*** Opening of ENTRIES SUPPLIED ***
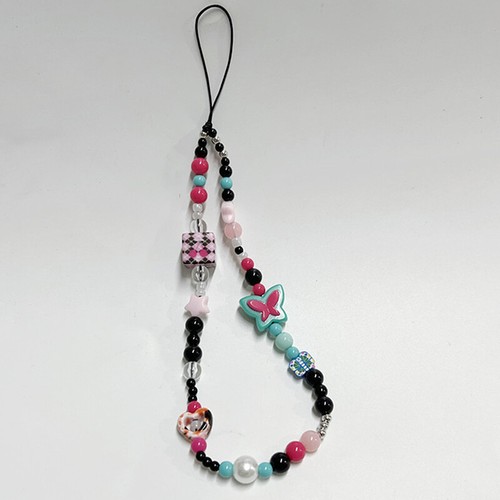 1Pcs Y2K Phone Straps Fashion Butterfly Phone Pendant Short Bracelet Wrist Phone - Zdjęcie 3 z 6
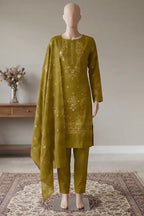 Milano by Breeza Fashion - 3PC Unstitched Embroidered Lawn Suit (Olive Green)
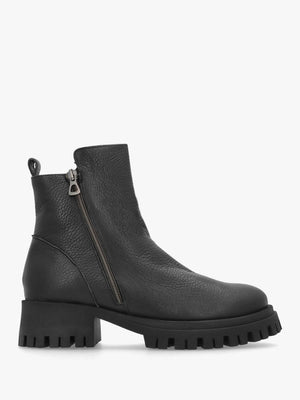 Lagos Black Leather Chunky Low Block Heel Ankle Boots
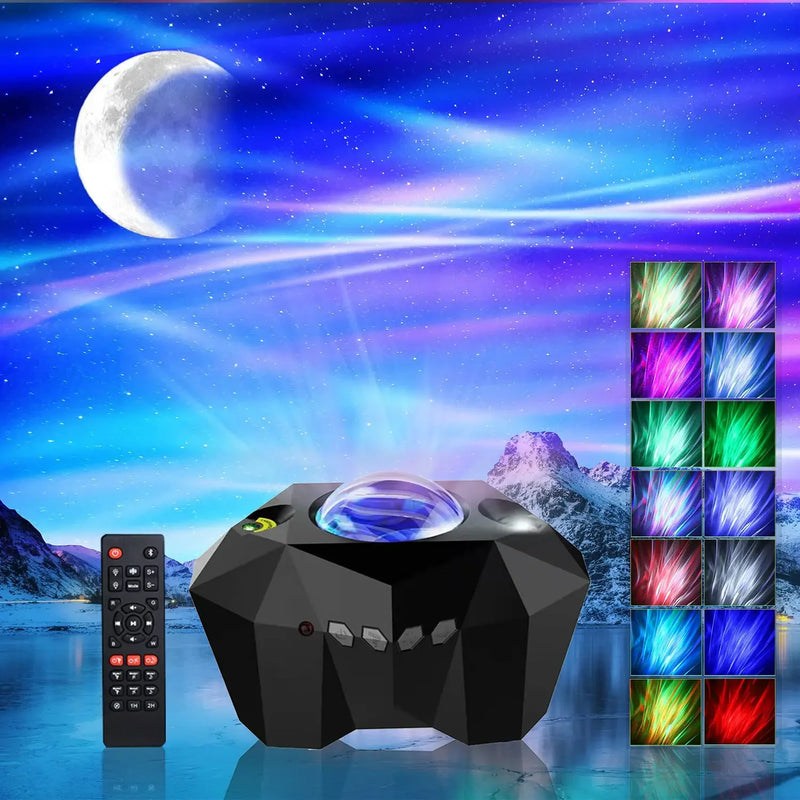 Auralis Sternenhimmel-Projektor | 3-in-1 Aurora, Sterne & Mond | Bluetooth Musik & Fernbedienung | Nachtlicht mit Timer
*** Close of ENTRIES SUPPLIED ***
*** Opening of ENTRIES SUPPLIED ***
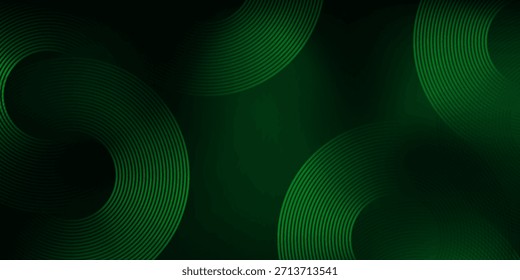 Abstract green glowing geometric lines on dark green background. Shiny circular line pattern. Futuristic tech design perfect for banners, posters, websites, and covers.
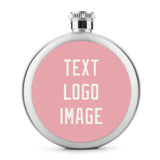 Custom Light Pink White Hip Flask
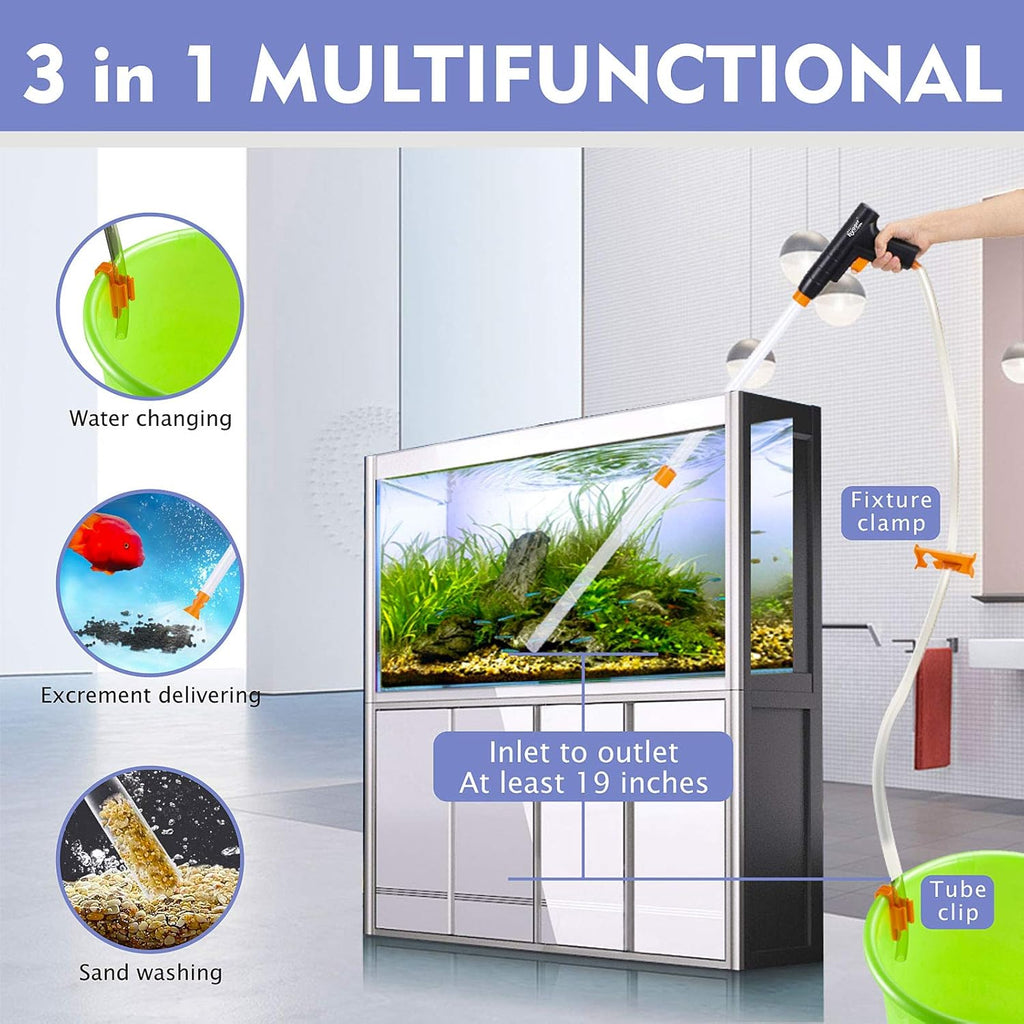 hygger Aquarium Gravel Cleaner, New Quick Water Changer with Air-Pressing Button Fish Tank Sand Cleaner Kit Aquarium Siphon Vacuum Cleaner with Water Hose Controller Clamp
*** Close of ENTRIES SUPPLIED ***
- WHAT TO WORK ON: Beginning with the line that contains "1Pcs Y2K Phone" and ending with the line that contains "Auralis Sternenhimmel-Projektor |", reproduce the listing exactly, pictures excluded.

- OUTPUT FOR THIS EXERCISE:
 1Pcs Y2K Phone Straps Fashion Butterfly Phone Pendant Short Bracelet Wrist Phone - Zdjęcie 3 z 6
 Milano by Breeza Fashion - 3PC Unstitched Embroidered Lawn Suit (Olive Green)
 Lagos Black Leather Chunky Low Block Heel Ankle Boots
 Auralis Sternenhimmel-Projektor | 3-in-1 Aurora, Sterne & Mond | Bluetooth Musik & Fernbedienung | Nachtlicht mit Timer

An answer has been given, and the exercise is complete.